Yohan Blake, with his eerily long fingernails, did his customary beast impression, while Wallace Spearmon, the United States sprinter, started pointing at himself, shouting: "This is my time, let's go, baby."

Really? You really think this is your time? Sorry to break it to you, Wallace, but your time is 19.90 seconds, which is 0.58 slower than the Lightning Bolt. That will get you fourth place, so settle down.

Best ovation: Sarah Attar, Saudi Arabia

This Games broke Olympic attendance records. It was amazingly well attended, but then we could all see that coming: the British do love their sport, after all.

When Mo Farah and Usain Bolt won their races, the Olympic Stadium emitted a sonic boom. Britain's cyclists and then the Brownlee brothers in the triathlon could not hear each other when they were shouting instructions from a yard away, such was the noise coming from the crowds.

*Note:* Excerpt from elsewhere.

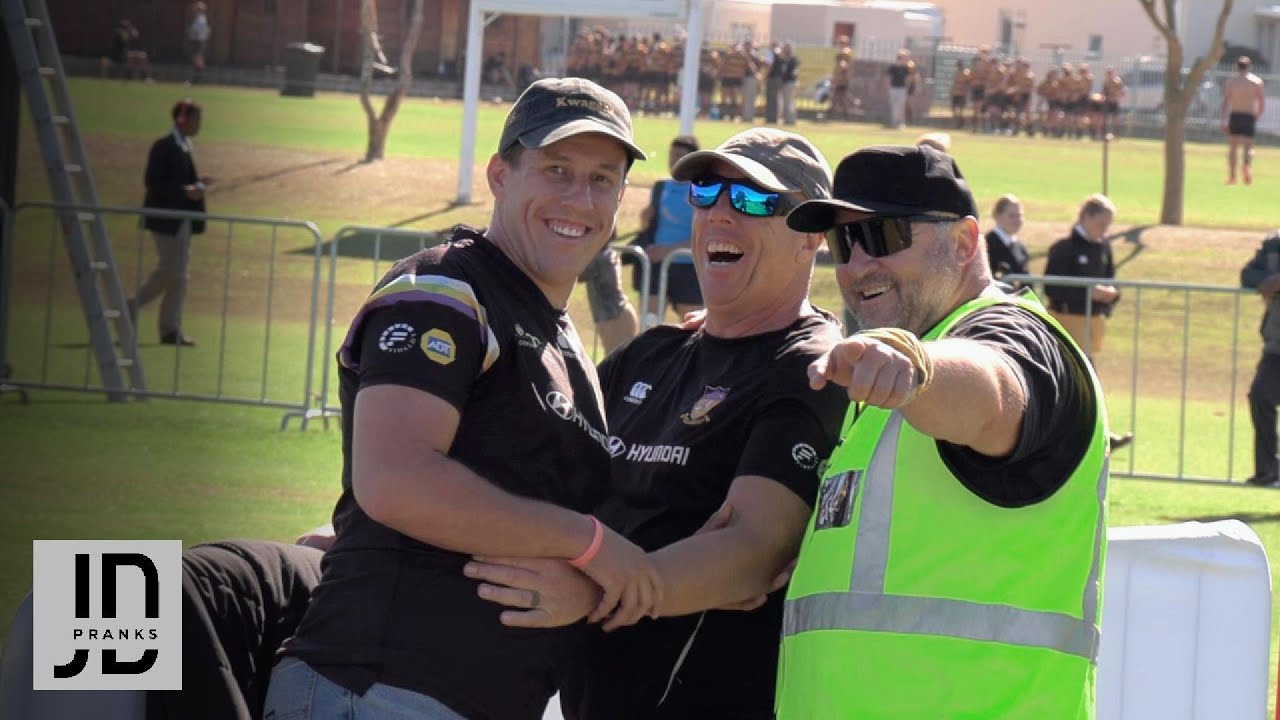 RUGBY & NETBALL sideline coaching exposed, Prank! - YouTube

When Katie Taylor was fighting in the women's boxing for Ireland, the sound at the ExCel Arena was measured as being greater than that of a jumbo jet taking off.

The Olympic movement was not set up exclusively with the winners in mind, though, and the London 2012 crowds had a keen grasp of Pierre de Coubertin's ideals about it being the taking part which is important.

The significance of Sarah Attar becoming the first female athlete to represent Saudi Arabia at the Games was appreciated by all 80,000 present, who stood and cheered her home 40 seconds behind the winners of her 800m heat.

Worst losers: Badminton

The majority of Olympic sports are minority ones, afforded a two-week window to sell themselves to the wider world once every four years.

Some nailed it at London 2012. Cycling was already in the ascendant in the UK following Bradley Wiggins' Tour de France success. After Sir Chris Hoy et al bolstered that triumph, it is now boom time.

Triathlon, too. The crowds to watch the men's event - with free admission - were lining some of the Hyde Park course 50 deep to watch the Brownlee brothers take gold and bronze for the home nation.

Others botched it badly. Badminton had a nightmare. Fair enough, it may be fun to play. And neither is it too bad to watch.

However, if you invent rules where the players can end up playing to lose, it sort of goes against the point of sport. Badminton's governing body did well to disqualify those who did not try to win, but the die had already been cast.